## WORK TO BE COMPLETED
Please return only the lines from the one with "OPEL Grandland X" through the final line of the data, unchanged, with pictures omitted.

## SOURCE DATA
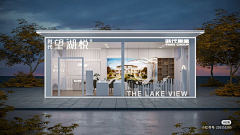 梦想还是要有滴采集到展厅/外展点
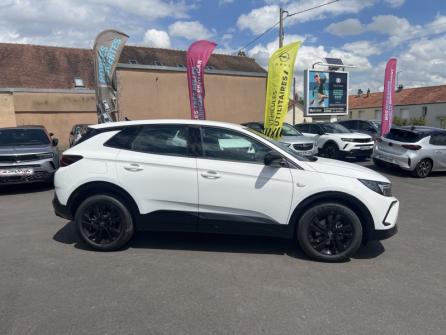 OPEL Grandland X 1.5 D 130ch GS BVA8 à vendre à Auxerre - Image n°4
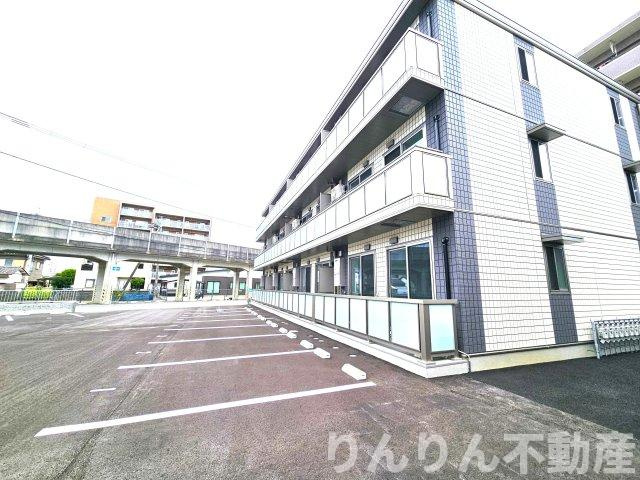 【外観】 | ベルティルミナス | きれいな外観です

## TASK ANSWER
 OPEL Grandland X 1.5 D 130ch GS BVA8 à vendre à Auxerre - Image n°4
 【外観】 | ベルティルミナス | きれいな外観です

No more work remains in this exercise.